Seputar Nusantara – Anhar, Anggota Komisi III DPRD Samarinda, menoroti soal pengesahan Rencana Tata Ruang Wilayah (RTRW) Samarinda 2022-2042.

Anhar menyoroti soal ketersediaan Ruang Terbuka Hijau (RTH) yang tidak jelas target pemenuhannya di dokumen RTRW Samarinda.

Anhar menyebut ketersediaan RTH di Samarinda jauh di bawah standar nasional, yaitu kurang dari 30 persen dari luas wilayah.

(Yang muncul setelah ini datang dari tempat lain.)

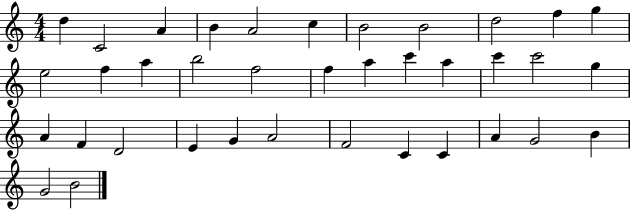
{
  \clef treble
  \numericTimeSignature
  \time 4/4
  \key c \major
  d''4 c'2 a'4 | b'4 a'2 c''4 | b'2 b'2 | d''2 f''4 g''4 | \break e''2 f''4 a''4 | b''2 f''2 | f''4 a''4 c'''4 a''4 | c'''4 c'''2 g''4 | \break a'4 f'4 d'2 | e'4 g'4 a'2 | f'2 c'4 c'4 | a'4 g'2 b'4 | \break g'2 b'2 | \bar "|."
}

Hal itu sesuai dengan ketentuan dalam Pasal 29 Ayat 2 Undang-Undang Nomor 26 Tahun 2007 tentang Penataan Ruang.

“Makanya sampai sekarang masih banjir, bagaimana tidak dalam pemanfaatan lahannya saja masih banyak yang tidak sesuai,” kata Anhar, Selasa (7/11/2023).

RTRW Samarinda telah disahkan setelah mendapatkan persetujuan dari Kementerian Agraria dan Tata Ruang/Badan Pertanahan Nasional (ATR/BPN).

Anhar meminta Pemkot Samarinda mematuhi ketentuan tentang pemenuhan RTH sesuai dengan undang-undang tersebut.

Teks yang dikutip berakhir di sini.